You're assuming that "thousands of Google coders, workers and managers" are auditing the parameters passed to tcpdump in some script or at least looking over the raw capture files rather than the output data.
If people in charge haven't had time even once in three years to look at what they collected, they are idiots by anyone's definition. Intercepting of other people's communications is a crime in many countries. It's perfectly legal to receive AP's broadcasts that advertise it, but once you start capturing packets that are sent to (or from) other computers, you are receiving "legally protected" (but not physically protected) data that is not for you. Lawyers in different jurisdictions may have different laws on this subject, but intercepting other people's data is amoral in most human societies.
What they were collecting were locations of access points.To collect that data, they had equipment in the vans capturing data broadcast by those access points and processing it to determine their location. When a vehicle is moving around, it is not within range of most networks for very long. You can only capture a limited number of frames in that time period. Then you use software to analyze the signal strength data from those frames, along with the gps log, to determine the locations of the access points. This only looks at lower layer segments of those frames, and the higher layer segments (including the payload) don't affect it.

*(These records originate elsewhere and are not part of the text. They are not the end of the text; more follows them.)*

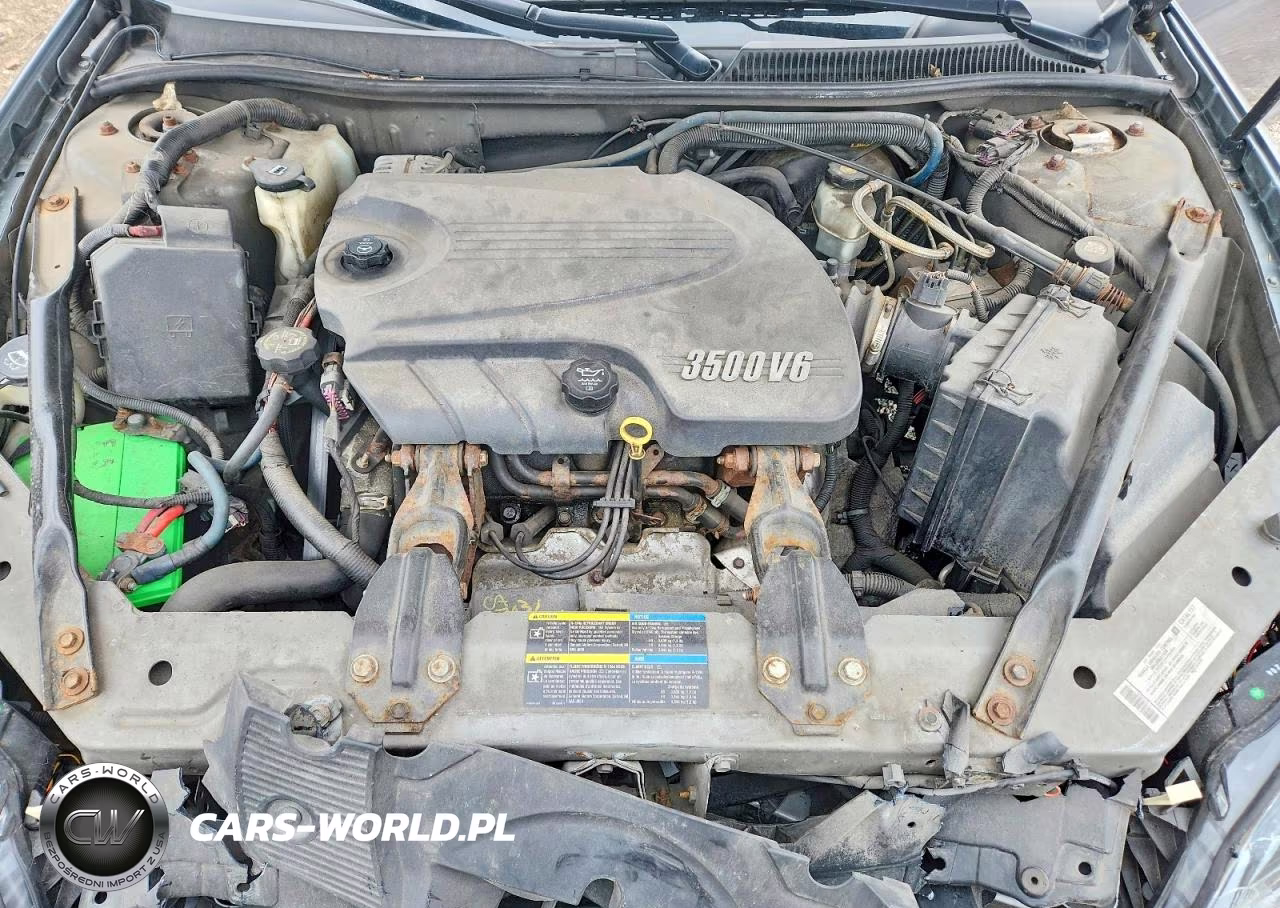 2007 Chevrolet Monte Carlo Lt VIN:2G1WK16K679277053 - 11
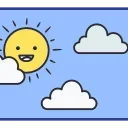 ⛅️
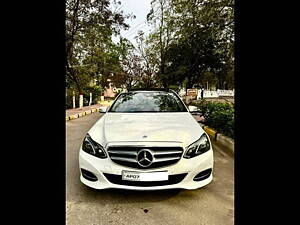 Used 2023 Mercedes-Benz E-Class [2017-2021] E 200 Exclusive [2019-2019] for  sale in Hyderabad at Rs.69,00,000 - CarWale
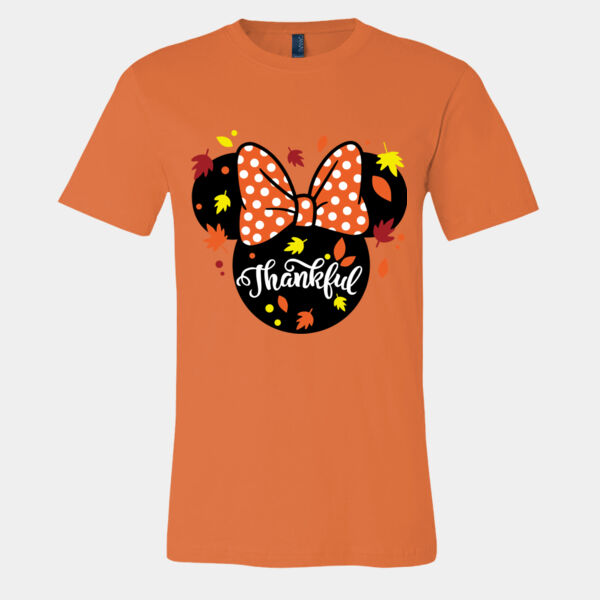 thankful bow and ears  Thumbnail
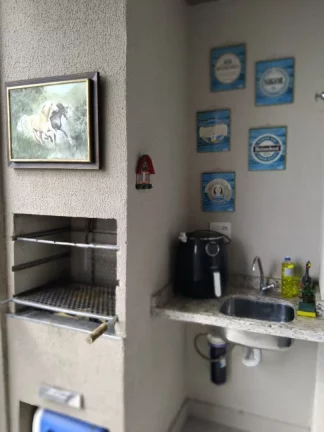 Imagem Apartamento com 2 dormitórios à venda, 64 m² por R$ 350.000,00 - Vila São José - Taubaté/SP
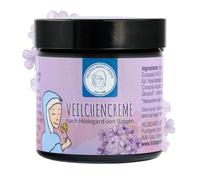 Crème de soin à la violette | d'après Hildegard von Bingen | 100 % naturelle | Crème de soin 50 ml | fidèle à l'original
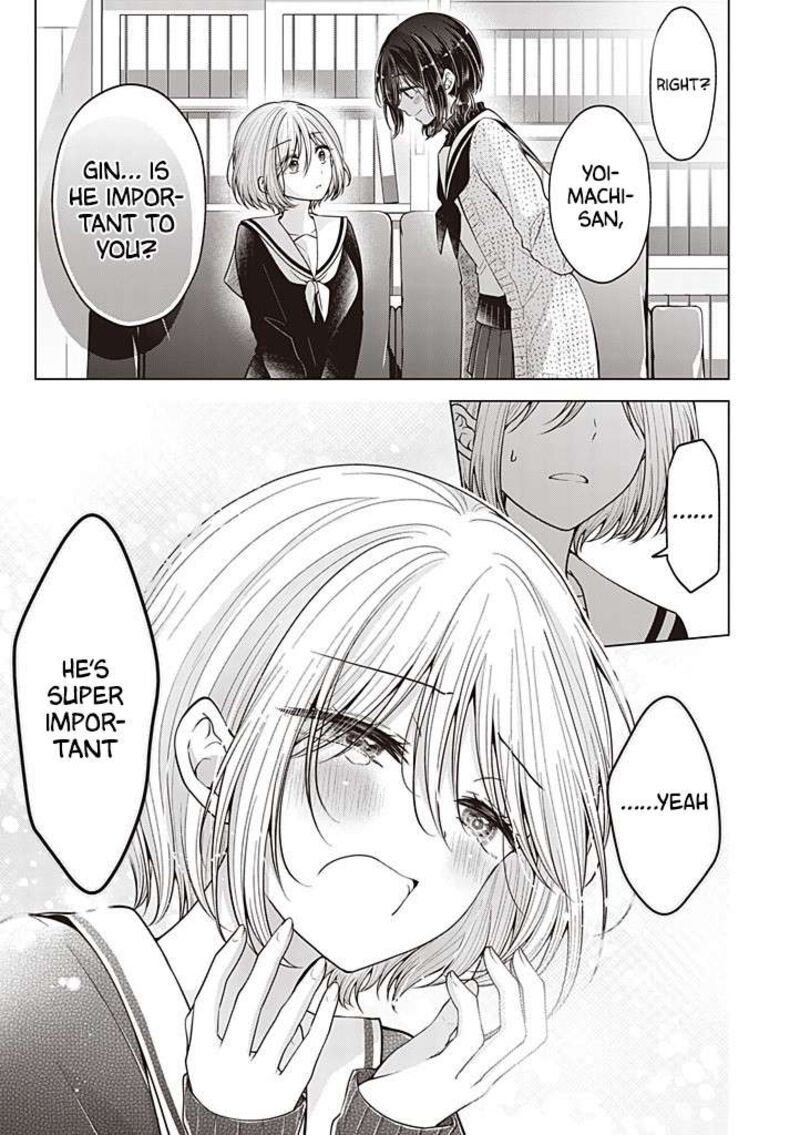 I Turned My Childhood Friend Into A Girl 118 12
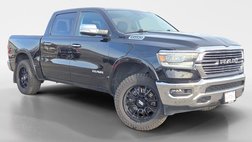 2022 Ram Ram Pickup 1500 Laramie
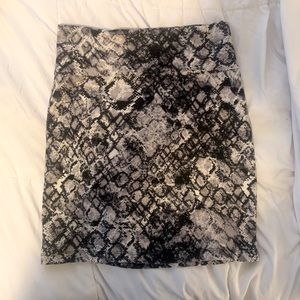 Charlotte Russe Skirt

Google failed to go back and delete the raw capture files. Maybe they wanted to keep the raw data in case there are future improvements in the analysis software. If that's the case, they failed to reprocess the captures and edit those frames to remove any potential user payload data. I'm not aware of any functionality for doing this on-the-fly with any of the open-source tools for capturing traffic. Ignoring all information from all non-beacon frames would have far less accuracy, especially in areas where wifi is heavily used. There isn't anything to indicate that they had any interest in any user payload data, or that any of it was collected anywhere outside of the raw capture files.
The whole purpose of using analysis software is so that you don't have to look over large amounts of meaningless raw unfiltered data... I'm willing to bet there are some sources of raw data that you have and fail to thoroughly review by hand. For someone who has a job to do, wasting that much time isn't usually an option. Even for someone who doesn't have a job, that still could require more time than they have depending on the amount of data.
Anything capturing data is going to inevitably collect some data that is not intended for it. For example, if you've ever typed around any audio recording device. That captured audio can be analyzed to determine what you typed, even if it was not intended for the person capturing the audio. Or if you've ever been to a tourist attraction you've probably been at least captured in the background of other people's home movies, whether or not you indented to be.